I did manage to put in a couple of hours in Final Fantasy Crystal Chronicles, and I will say this: it’s definitely a game where you have to work together. It’s almost like playing Final Fantasy Lite (TM). I didn’t really check out any of the single player features in the game, but I can’t imagine the game being nearly as fun if you don’t have three other people you are trying to coordinate moves with.
Yeah, I thought this was a short update, too.
There is an interesting pair of articles over at the Richmond Times Dispatch that deals with retro gaming. They do quite a bit of listing of just what kinds of retro games that have been released (or rereleased).

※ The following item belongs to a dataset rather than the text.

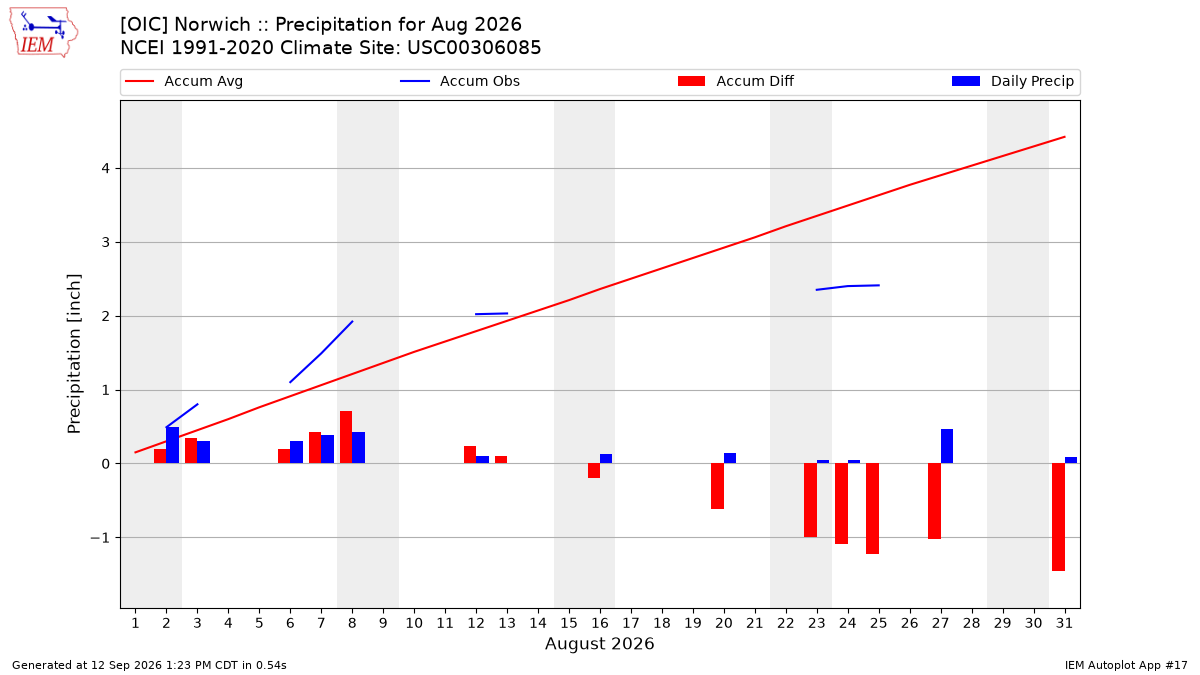 Monthly Plot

Retro gaming is something that I’ve seen coming for a long time. During the ‘Sega vs. Nintendo’ wars, almost everything was directed squarely at me. Okay, well, maybe not me specifically, but I was definately in the target market. Problem was, though, that I didn’t have the kind of money that I needed to get all the games that I wanted (a problem that still persists today), so there were a lot of games that I either missed out on playing or got rid of so that I could play something else. Now that I seem to have a dollar or two in my pocket, I’m going back to those same stores to try and get some of those games back.
Now, I’m sure that there’s people that play these older games exclusively, just like there’s a lot of people who play new games exclusively, but I can’t do that. Yes, I believe that it’s important to know about and play some of these games (some of the conventions used in those early games are still in use today), but I like to play something new once in a while.
So now that there’s people in their 20’s and 30’s (and on up) that are trying to get back some of the games that they had growing up, and there’s people younger than that who realize that some of the older games are actually good, and there’s been two results to this: companies are realizing that they can get away with releasing compilations of old games at low, low prices and not have to do a whole lot of work on them, and communities like FatManGames spring up to facilitate the collecting of these games. Unfortunately, a lot of the games that are sought after are rare, expensive, and probably both.
So that drives people (for better or worse) to the emulation scene, well, that’s not the only factor, but I’m willing to bet it’s the biggest one. I’m not going to go into the legality of emulation or ROMs or any of that again, but as long as there’s at least some people that get into collecting and maintaining old games and systems after trying them out on an emulator, there’s some hope for ROM Masters.